An interesting note in the latest Canalys Smartphone quarterly summary (http://www.canalys.com/pr/2009/r2009112.htm):
“…in our October study of 600 European decision makers in medium and large enterprises, more than 20% said they expect the iPhone to be the dominant smart phone platform for running business applications in their organisation within the next 3 to 5 years. In France, the iPhone was ahead of Windows Mobile and RIM in this regard – a remarkable result.”

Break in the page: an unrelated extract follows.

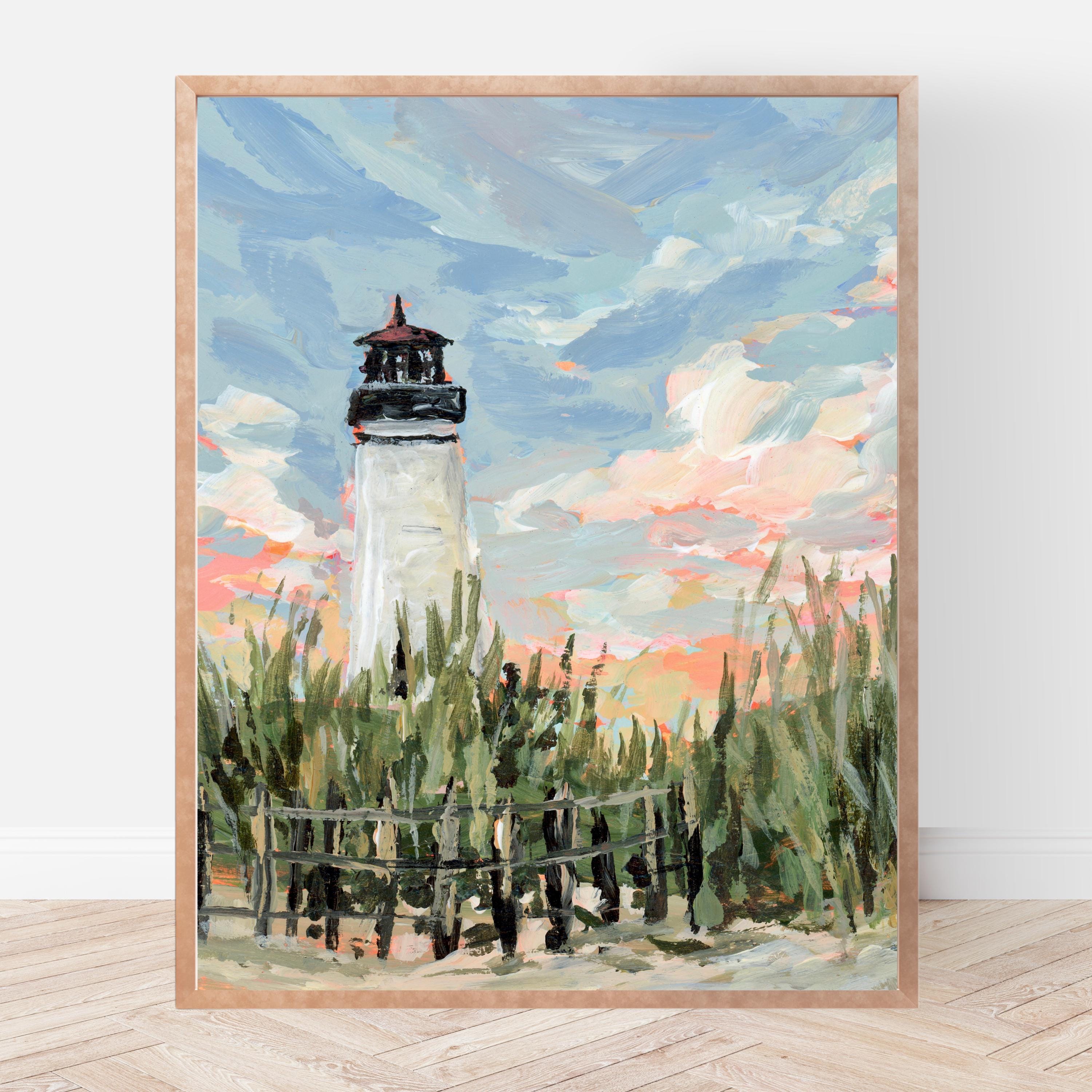 Framed painting of a lighthouse with a colorful sky and grassy foreground.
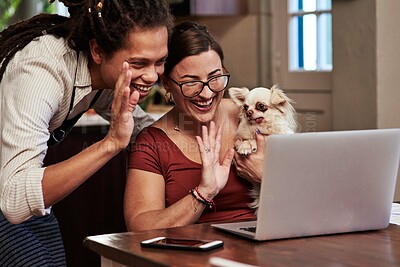 Buy stock photo Cropped shot of a cheerful young couple having a video call while waving at the camera and holding their dog at home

This short quote brought back to mind the recently formed partnership between Nokia and Microsoft to deal with RIM. One fruit of this relationship is a recent job posting atcareers.microsoft.com which seeks Symbian developers to work for Microsoft:
Job Category: Software Engineering: Development
Location: India, Hyderabad
Job ID: 702365
Division: Microsoft Business Division
The Office team is looking for a self-motivated and highly passionate Developers to contribute in building a new team and drive discipline excellence in the delivery of Office Mobile and Communication experiences for Nokia’s Symbian smartphones.

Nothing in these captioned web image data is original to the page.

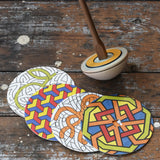 Mader 'So And So' DIY Spinning Top Set placed on a wooden desk in the Babipur playroom.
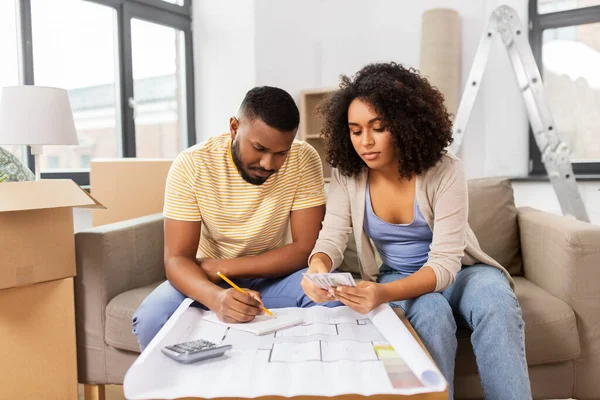 couple with blueprint counting money at home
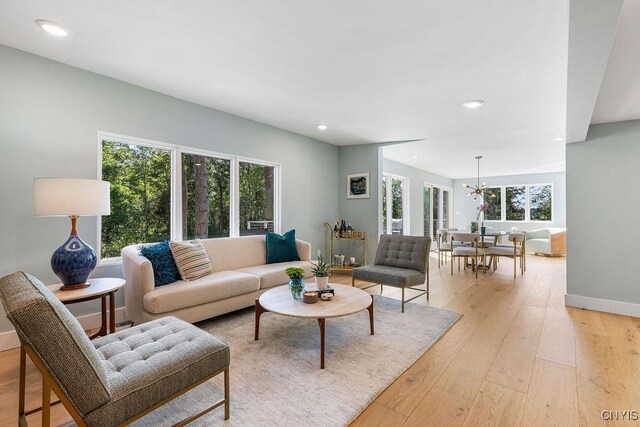 3 Elson Ln, Skaneateles, NY 13152 - living area featuring a chandelier, light wood-style floors, recessed lighting, and baseboards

Microsoft and Nokia have formed a global alliance to design, develop and market mobile productivity, communications and collaboration solutions.
Under the terms of the agreement, the two companies will begin collaborating immediately on the design, development and marketing of productivity solutions for the mobile professional, bringing Microsoft Office Mobile and Microsoft business communications, collaboration and device management software to Nokia’s Symbian devices. These solutions will be available for a broad range of Nokia smartphones starting with the company’s business optimized range, Nokia Eseries. The two companies will also market these solutions to businesses, carriers and individuals.
This project builds on the existing relationship with Nokia who is optimizing access to email and other personal information with Exchange Activesync. Next year, Nokia intends to start shipping Microsoft Office Communicator Mobile on their smartphones, followed by other Office applications and related software and services in the future.
While the iPhone wins hearts and minds in IT through sheer brilliance Nokia tries to become a supplier to IT departments through a strategy deeply rooted in the 1980s: the manipulation and exertion of control over file formats. As IT has diminished in importance (to the point of ceasing to matter to some) it’s hard to understand this misplaced alliance with Microsoft over something so inconsequential.